Am 06.05.22 um 11:24 schrieb Pierre Morel:
We let the userland hypervisor know if the machine support the CPU topology facility using a new KVM capability: KVM_CAP_S390_CPU_TOPOLOGY. The PTF instruction will report a topology change if there is any change with a previous STSI_15_1_2 SYSIB. Changes inside a STSI_15_1_2 SYSIB occur if CPU bits are set or clear inside the CPU Topology List Entry CPU mask field, which happens with changes in CPU polarization, dedication, CPU types and adding or removing CPUs in a socket. The reporting to the guest is done using the Multiprocessor Topology-Change-Report (MTCR) bit of the utility entry of the guest's SCA which will be cleared during the interpretation of PTF. To check if the topology has been modified we use a new field of the arch vCPU to save the previous real CPU ID at the end of a schedule and verify on next schedule that the CPU used is in the same socket. We do not report polarization, CPU Type or dedication change.

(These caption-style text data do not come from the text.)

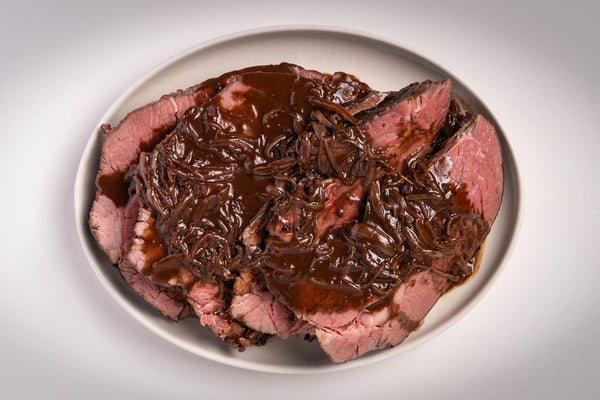 48-Hour Sous Vide Chuck Roast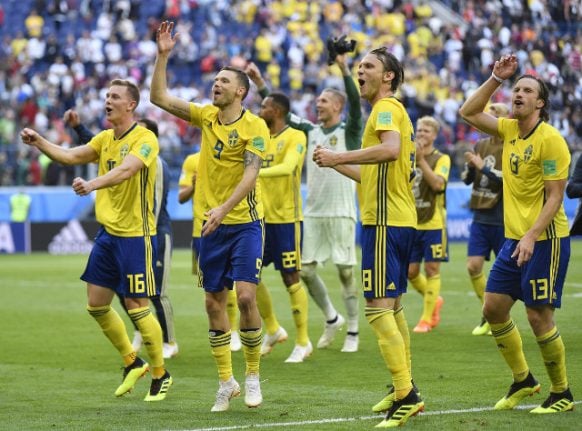 'I will support Sweden: Palestinians have clear favourite in England match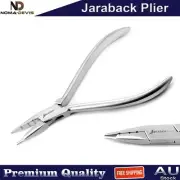 Orthodontic Jararback Plier Braces Closing Loops Forming Dental Laboratory Tools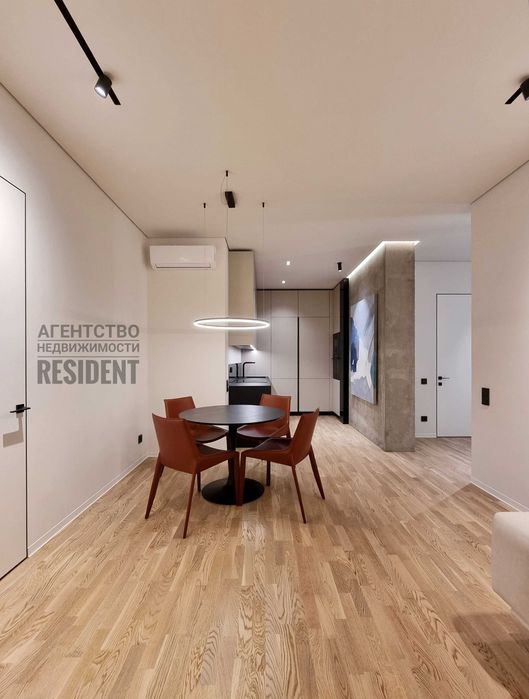 3-ком ЖК Бартоломео. Набережная Победа Парк Шевченко Нагорный Ривер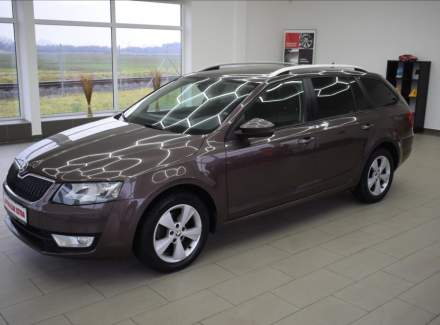 Škoda - Octavia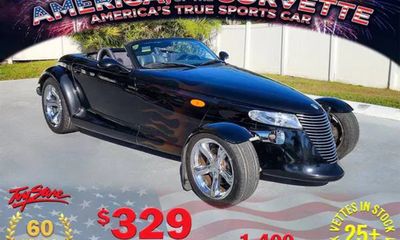 2000 Plymouth Prowler Base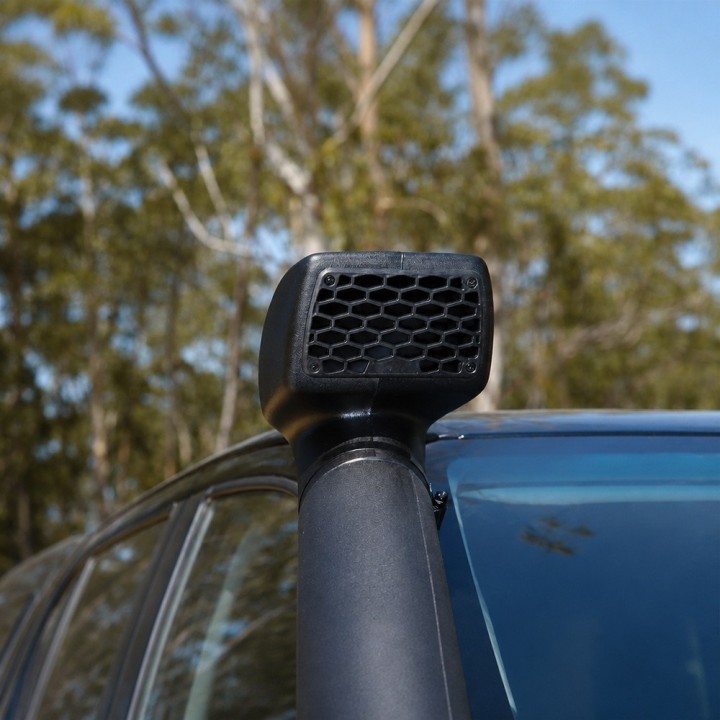 Snorkel wlot powietrza Snakeman 4WD Toyota Hilux Revo SNSTRV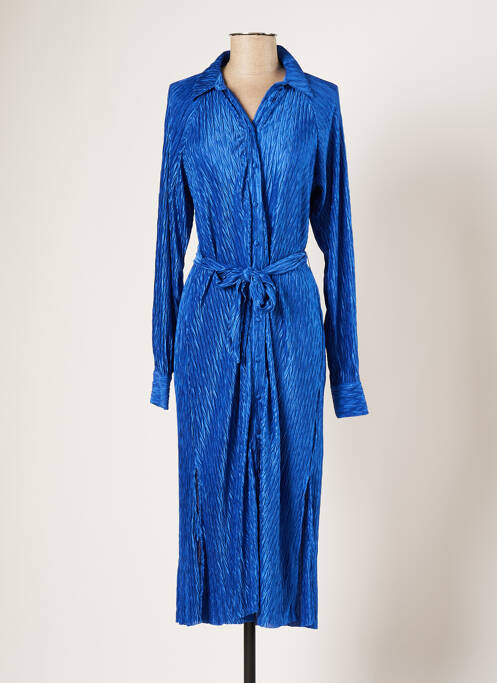 Robe longue bleu Y.A.S pour femme
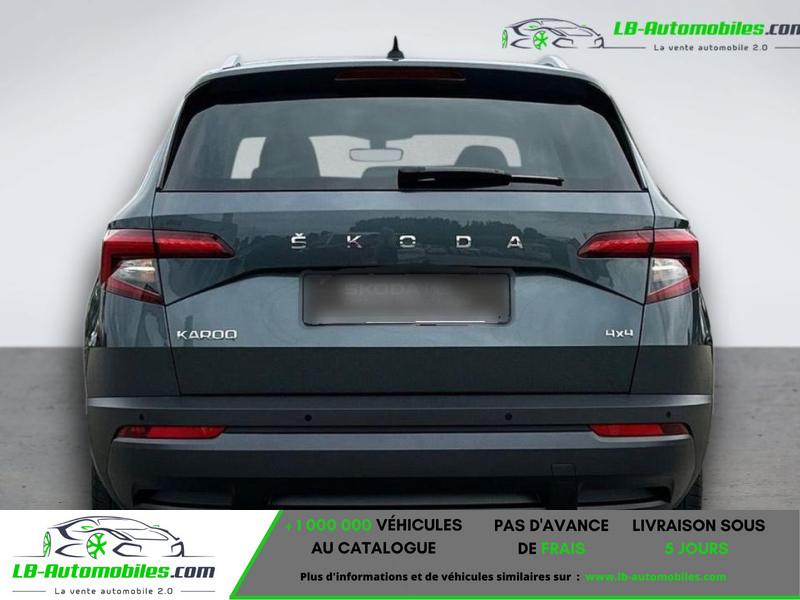 Skoda Karoq 2.0 TDI 150 ch 4x4 BVA - Photo 6 / 10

I think we should not do this. When PTF returns with "has changed" the guest Linux will rebuild its schedule domains. And this is a really expensive operation as far as I can tell. And the host Linux scheduler WILL schedule too often to other CPUs. So in essence this will result in Linux guests rebuilding their scheduler domains all the time. So remove the "previous CPU logic" for now and only trigger an MTCR when userspace says so. (eg. on config changes). The idea was to have user defined schedule domains. Following host schedule decisions will be nearly impossible.